Your objective - For this exercise, retype all the data exactly and exclude every image.

---*---

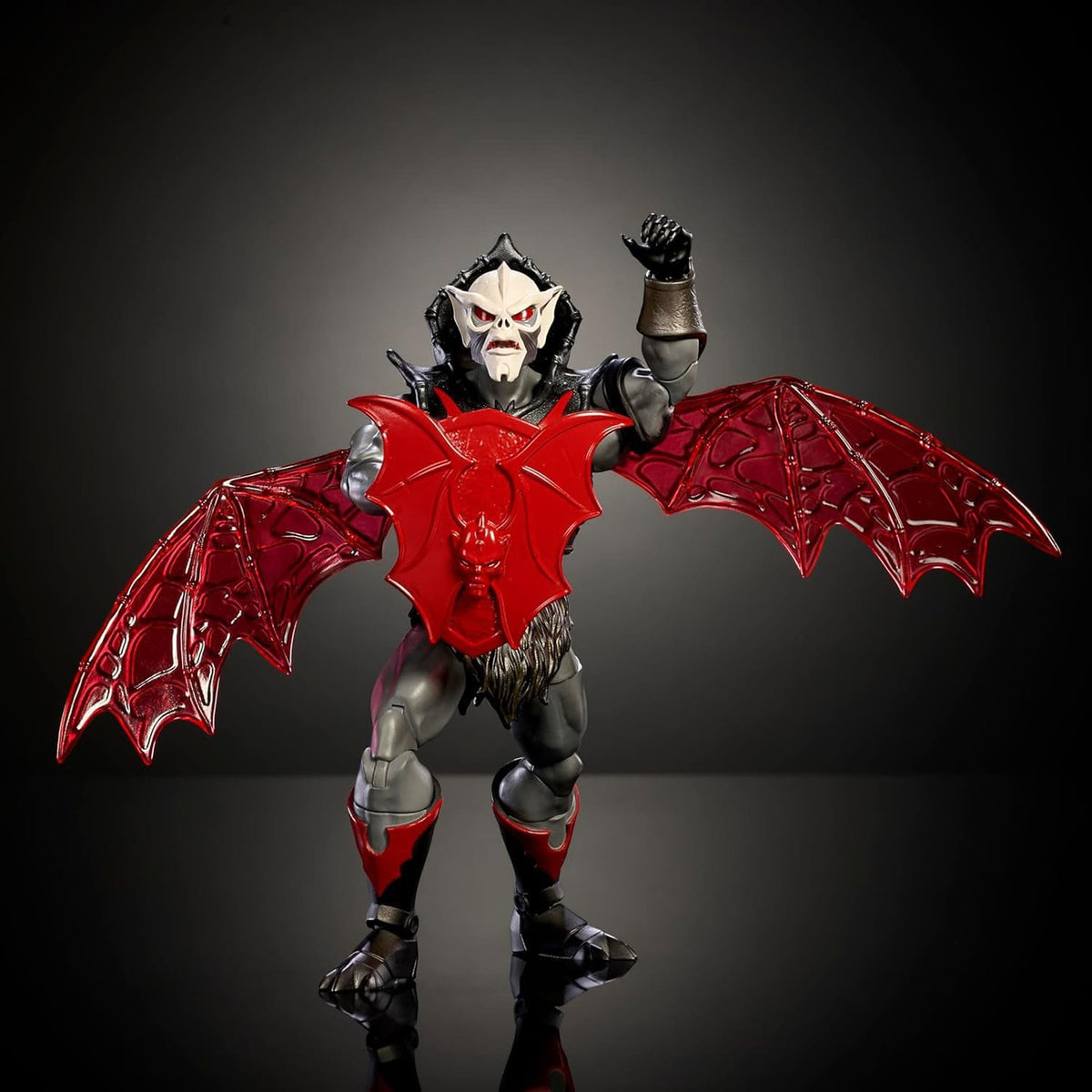 Produktbild Masters of the Universe New Eternia Actionfigur Hordak 18 cm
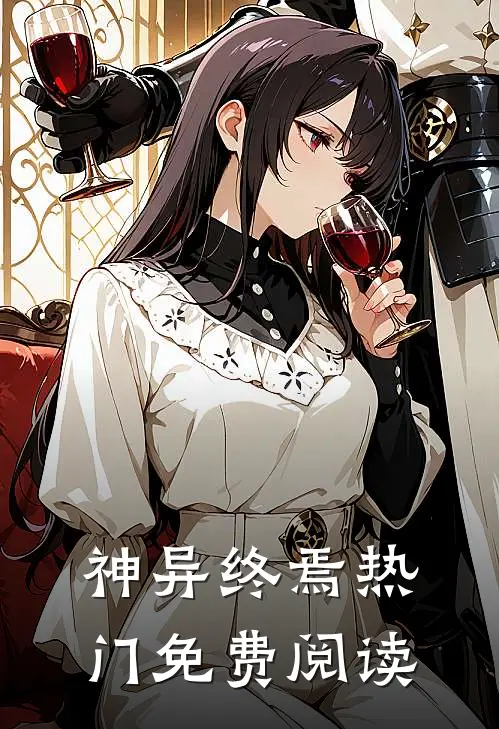 神异终焉热门免费阅读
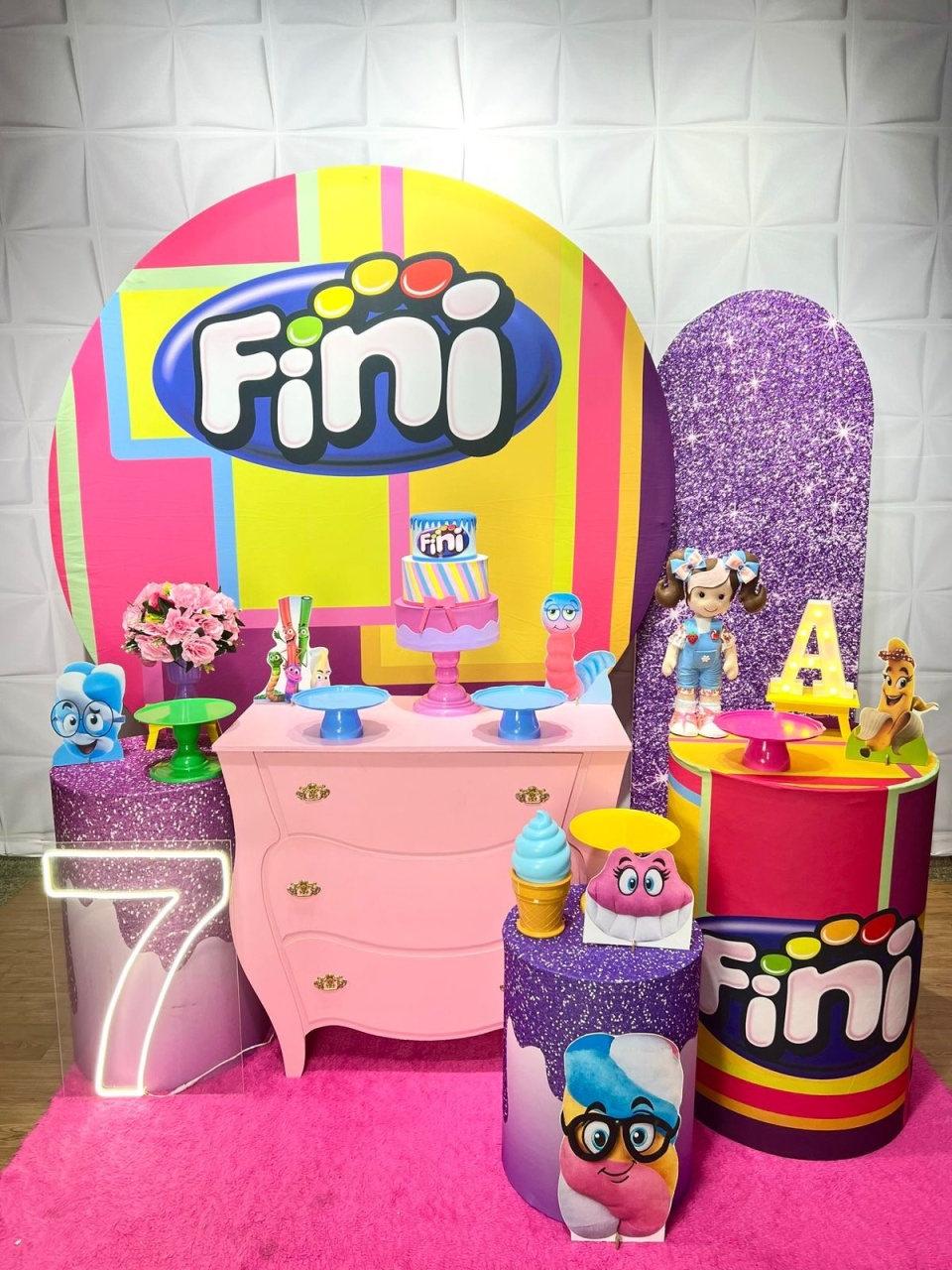 Kit Fine  - Akitem Festa (Thalita Rissato)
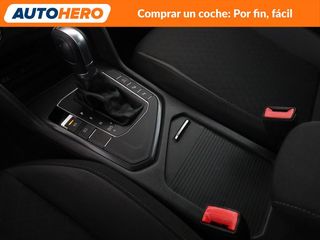 Volkswagen Tiguan 2.0 TDI Advance BlueMotion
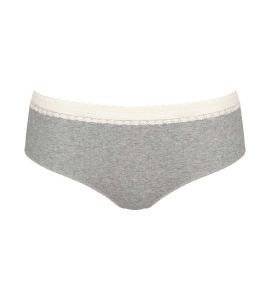 ������� SLOGGI GO RIBBED H HIPSTER ���� �������/���� ������� 2��� (M)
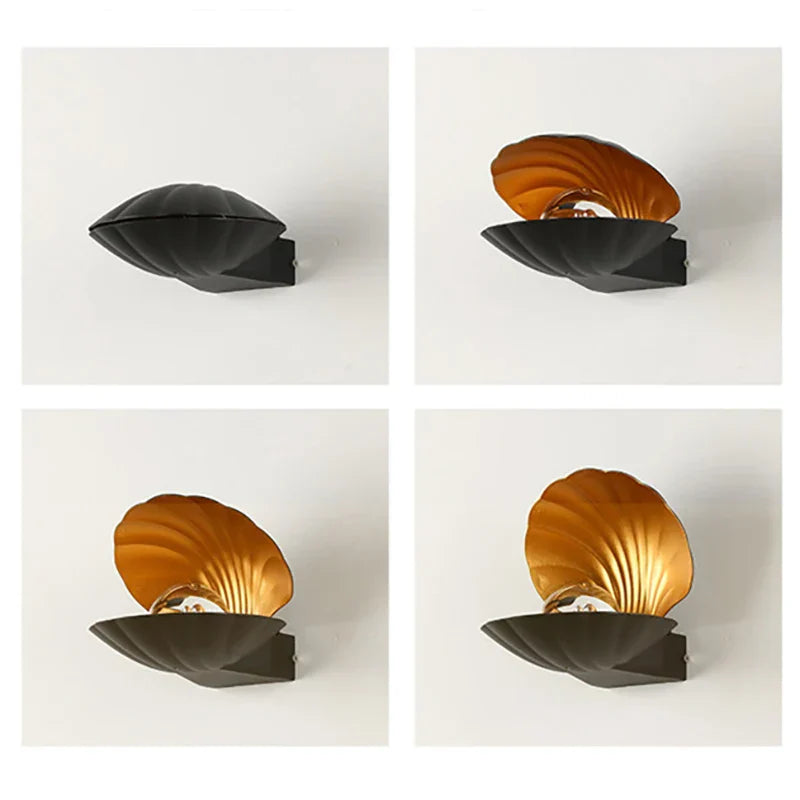 AquaBright - Vattentät Utomhus Vägglampa LED - Lämplig för Trädgård & Terrass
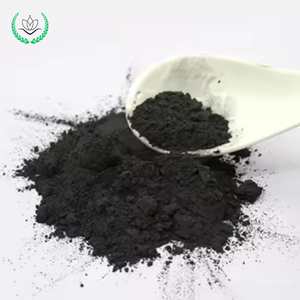 Poudre de charbon actif de coque de noix de coco de qualité supérieure pour la purification des liquides et la transformation des boissons, maille fine, fabricant indien - Product Image 5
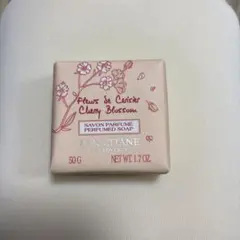 LOCCITANE ロクシタン バスソープ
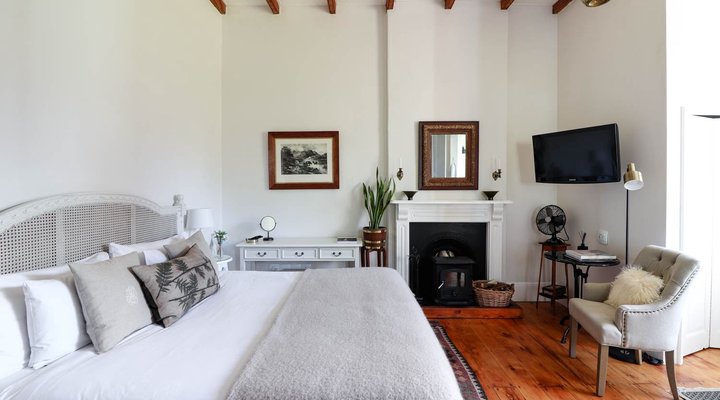 Fairview Historic Homestead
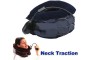 Neck Traction Device For Headache Back Shoulder Pain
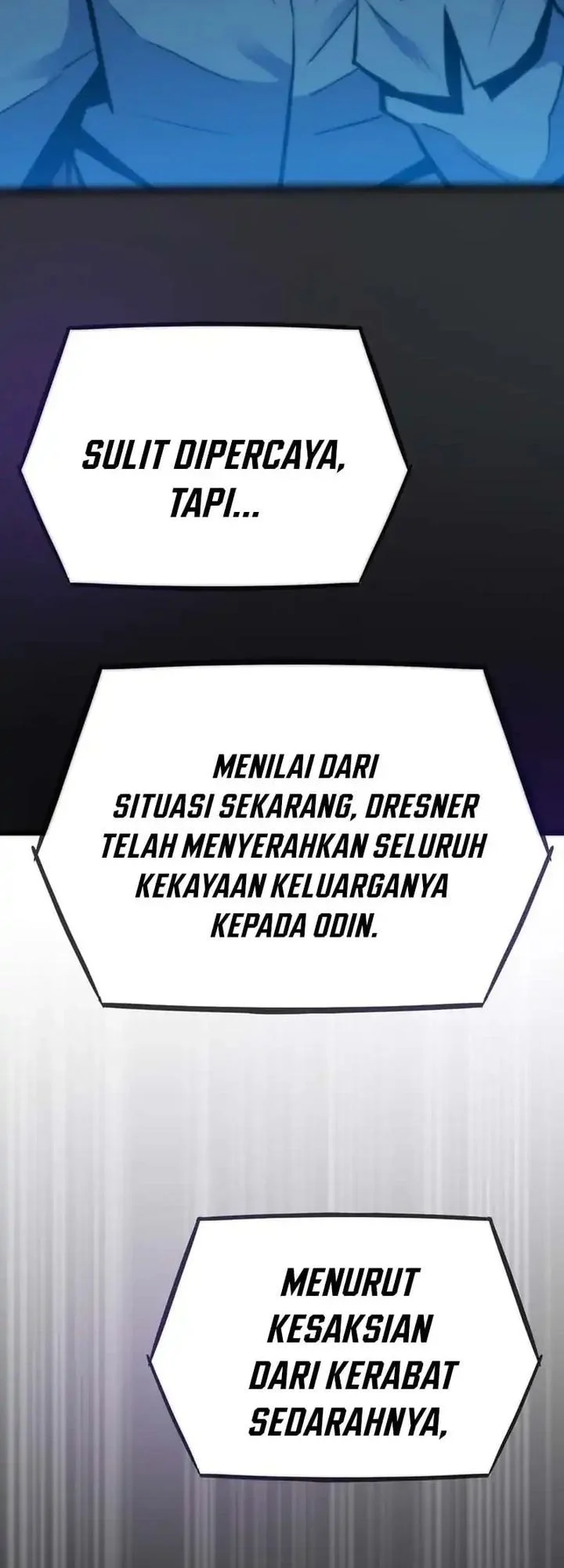 Past Life Regressor Chapter 156 Gambar 60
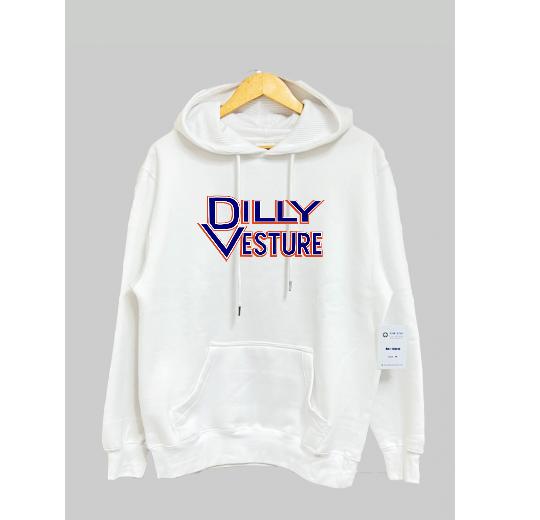 DTF Customize Hoodie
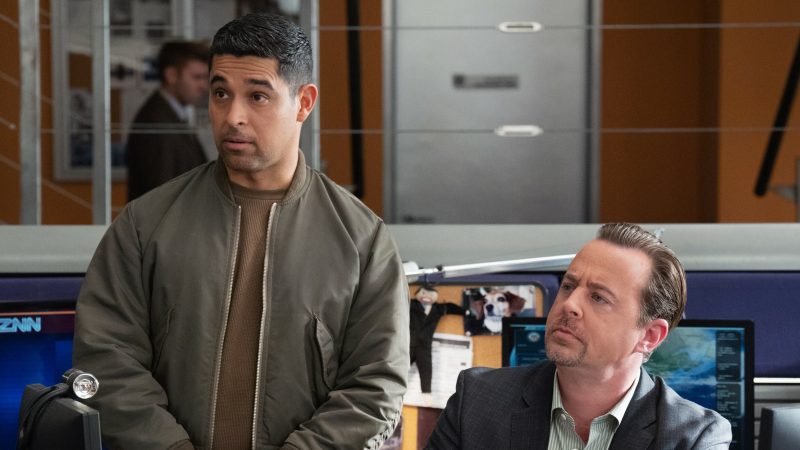 NCIS Ends Season 23 With the Agency Itself Shutting Down for Good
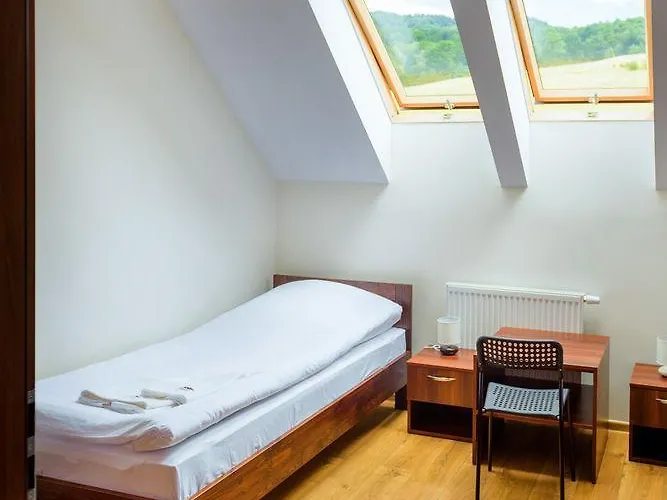 Bed & Breakfast Pod Chmielarzem Wojcieszów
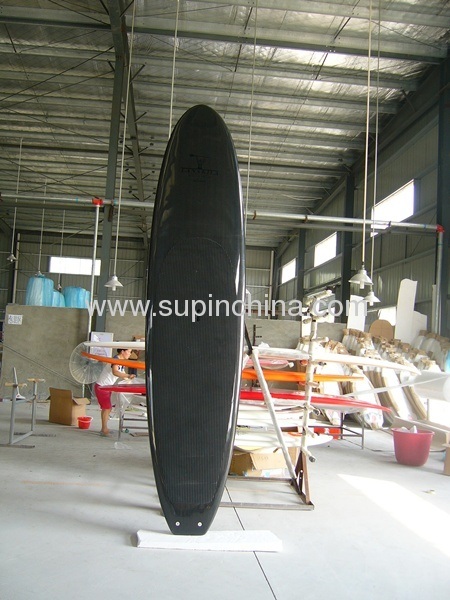 Carbon Fiber Sup paddle board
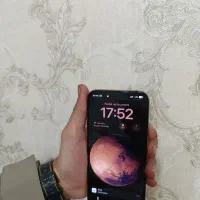 گوشی 16پرومکس 256g صحرایی|موبایل|ایلام, |دیوار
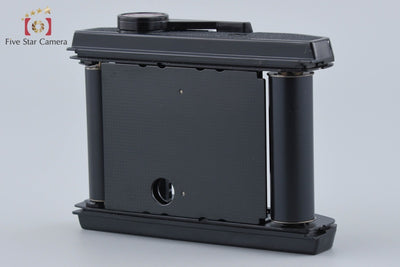 [Used] HORSEMAN 4x5 6x7 Roll Film Holder 10EXP / 120 Model 452 with Original Box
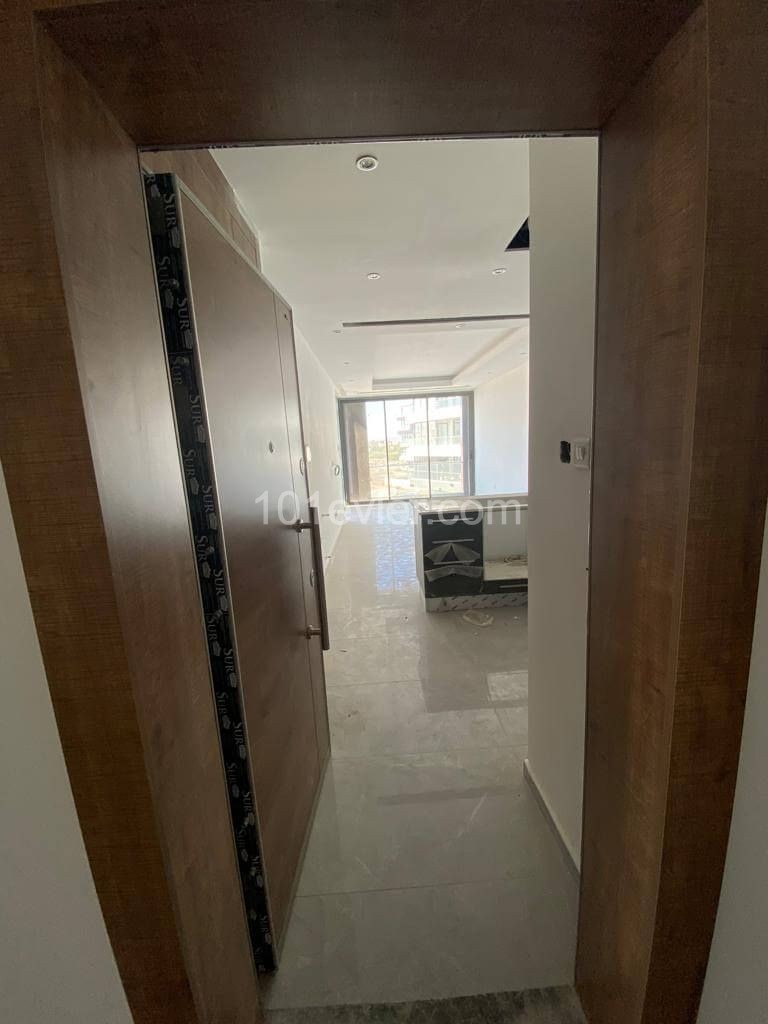 Lefkoşa Kermiya 2+1 Kiralık Daire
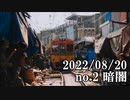 ショートサーキット出張版読み上げ動画8035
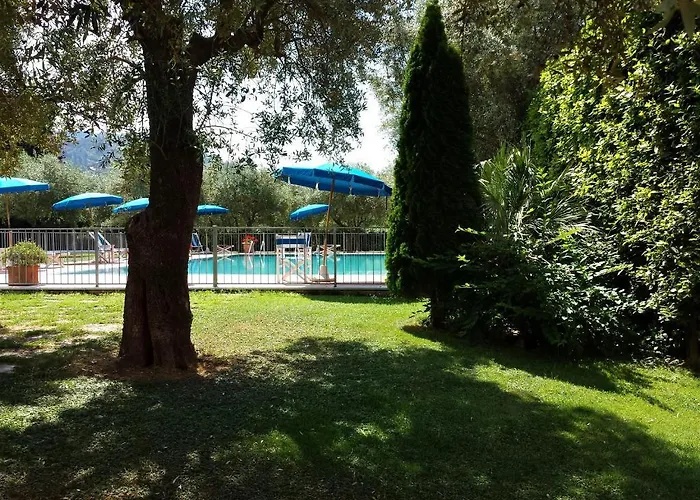 A Caserosse Seravezza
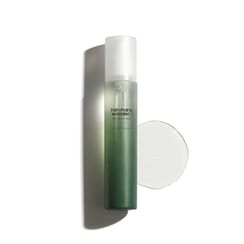 Haruharu WONDER - Black Bamboo Mist Haruharu WONDER - Black Bamboo Mist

---*---

Completed task -
 Produktbild Masters of the Universe New Eternia Actionfigur Hordak 18 cm
 神异终焉热门免费阅读
 Kit Fine  - Akitem Festa (Thalita Rissato)
 Volkswagen Tiguan 2.0 TDI Advance BlueMotion
 ������� SLOGGI GO RIBBED H HIPSTER ���� �������/���� ������� 2��� (M)
 AquaBright - Vattentät Utomhus Vägglampa LED - Lämplig för Trädgård & Terrass
 Poudre de charbon actif de coque de noix de coco de qualité supérieure pour la purification des liquides et la transformation des boissons, maille fine, fabricant indien - Product Image 5
 LOCCITANE ロクシタン バスソープ
 Fairview Historic Homestead
 Neck Traction Device For Headache Back Shoulder Pain
 Past Life Regressor Chapter 156 Gambar 60
 DTF Customize Hoodie
 NCIS Ends Season 23 With the Agency Itself Shutting Down for Good
 Bed & Breakfast Pod Chmielarzem Wojcieszów
 Carbon Fiber Sup paddle board
 گوشی 16پرومکس 256g صحرایی|موبایل|ایلام, |دیوار
 [Used] HORSEMAN 4x5 6x7 Roll Film Holder 10EXP / 120 Model 452 with Original Box
 Lefkoşa Kermiya 2+1 Kiralık Daire
 ショートサーキット出張版読み上げ動画8035
 A Caserosse Seravezza
 Haruharu WONDER - Black Bamboo Mist Haruharu WONDER - Black Bamboo Mist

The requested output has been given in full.